From the kitchens to the rooms where the archers lived, then onto the court yard with the blacksmiths anvil you had a real feel of how things used to be. Then up the stairs to the chapel with the monks living quarters and onto the rooms Mary Queen of Scots occupied, all superbly set with storyboards depicting events from times gone by.
Eventually we found ourselves in the gardens where the Falconry display was to take place, but due to high winds this wouldn’t be happening today. Wild boars were also to be seen, two adults with their young were happily mooching away in their enclosure.
The Maze was great fun too, we could both see over the top but only one of us found the middle, we shall leave you with that one, don’t want to cause any embarrassment.
Lunch was eaten in the café, and as we reflected on our visit we thought it was an excellent example of how, as a child, you expected a castle to be. A brilliant day for any family.
Time came to leave and on our way through Leyburn we stopped to collect the rocking chair, whilst causing a mini traffic jam.. very sorry, we eventually managed to rearrange the rear of the Duster and lodged the chair securely in the back.
Back at Pod the chair was extricated from the car and LB promptly sat on it and gave it a bit of a test drive, it was a lovely little thing and once stripped and waxed it would have pride of place at home.
It was our last night in Leyburn and cooking was decided against, so we took the walk into the village and again paid the Golden Lion a visit.
The pub was much busier than our previous visit and we were lucky enough to time it just right as a table became free. Huge burger and chips for one and the most delicious macaroni cheese for the other were ordered, both eaten with two more pints of Wensleydale local ale.
Fellow diners soon began to leave and we took the opportunity to move to a window seat, much cosier than sitting at one of the more rigid dinning tables. Here we sat and spent our time looking back on our visit to Lower Wensleydale, we’d had a brilliant time and we still had so much to see. We hadn’t even set foot into the countryside, which was a little unusual for us.
This only meant a return visit was on the cards and we new we had a long list of things to see and do prepared.
The walk back to Pod was done under a cloudless sky, no light pollution meant we were treated to a spectacular star lit night. As we walked past the farmers fields we sneaked a peek at the sheep with the torch, just to see what they were up to and the majority were curled up asleep. Those still awake left us wondering what they counted to nod off.

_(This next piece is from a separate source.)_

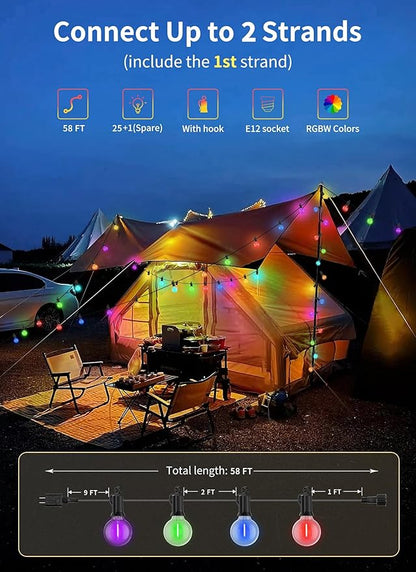 Brightown Outdoor String Lights 58 Feet G40 LED Patio Lights, 27 Plastic Edison Bulbs(2 Spare), Remote, Timer, Waterproof Connectable Hanging Light for Backyard Porch Balcony Party Decor, Multicolor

Back at the site Pod was waiting and within a short space of time she was soon warm and cozy, nothing nicer than getting under the duvet and catching up on the days news on the TV.
Rain stayed off over night and we were lucky enough to get the awning down just in time. Nothing worse than having to unpack a wet awning once home.
We said our goodbyes and thankfully made our way to the top of the road without meeting anyone on the way down.
Such a lovely site and with one last look out of the car window we were soon on the motorway and on our way home.
Next stop in two weeks, Sandringham, our furthest point east with Pod.